→ YOUR OBJECTIVE: Exactly reproduce the lines of the listing below from the one containing "Tak Terima Dikatai" through the one containing "Дикие шашки на". Skip the images.
*** TASK INPUT Section Begins ***
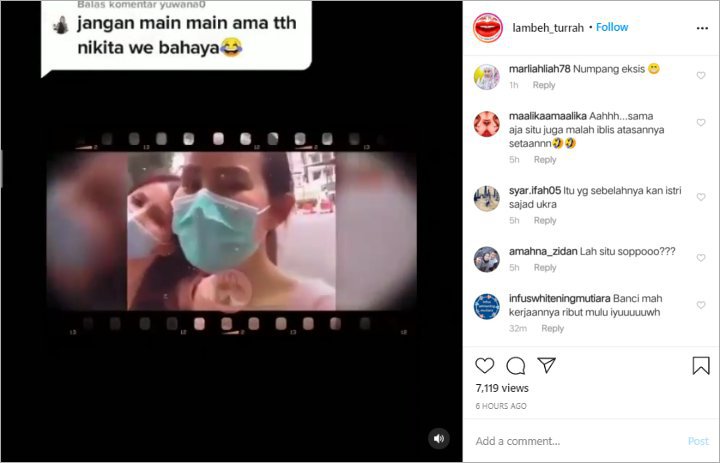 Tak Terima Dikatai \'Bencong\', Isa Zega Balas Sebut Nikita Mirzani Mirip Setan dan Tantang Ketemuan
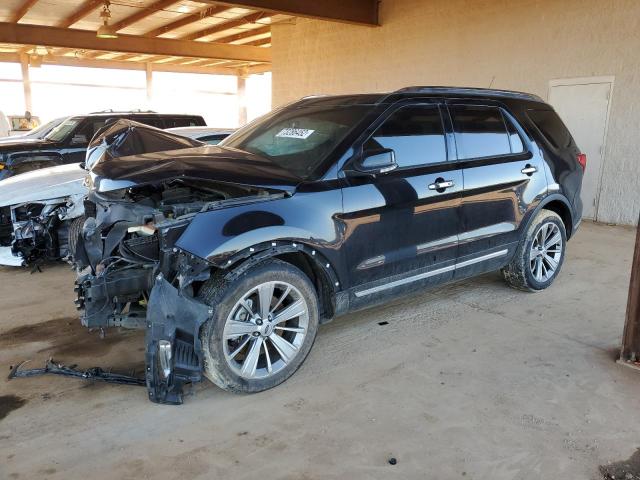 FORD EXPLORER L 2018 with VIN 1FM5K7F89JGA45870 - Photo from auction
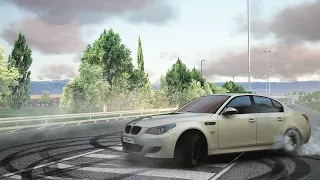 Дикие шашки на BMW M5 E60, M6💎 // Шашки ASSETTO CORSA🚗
*** TASK INPUT Section Ends ***
*** TASK INPUT Section Begins ***
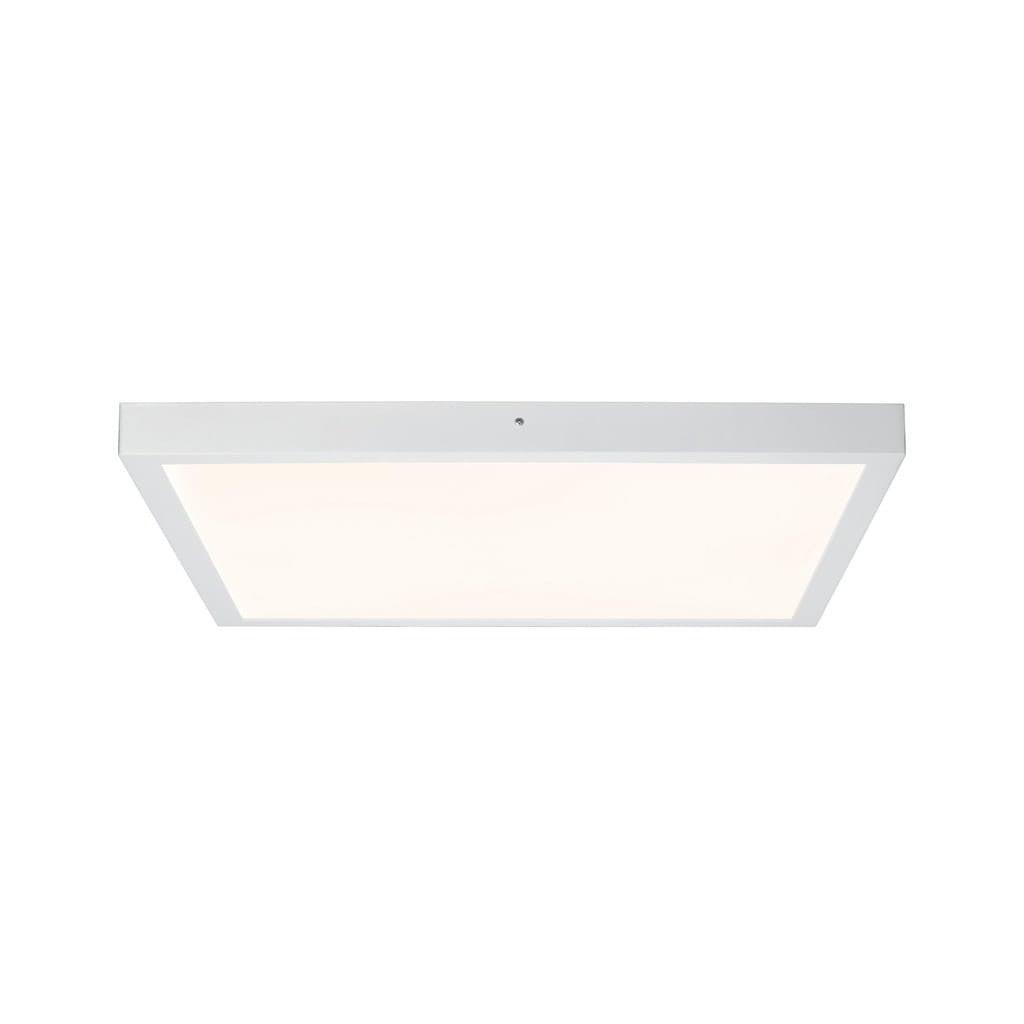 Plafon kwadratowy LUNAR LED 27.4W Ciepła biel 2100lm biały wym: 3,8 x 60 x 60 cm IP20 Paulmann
*** TASK INPUT Section Ends ***
→ SOLVED EXERCISE:
 Tak Terima Dikatai \'Bencong\', Isa Zega Balas Sebut Nikita Mirzani Mirip Setan dan Tantang Ketemuan
 FORD EXPLORER L 2018 with VIN 1FM5K7F89JGA45870 - Photo from auction
 Дикие шашки на BMW M5 E60, M6💎 // Шашки ASSETTO CORSA🚗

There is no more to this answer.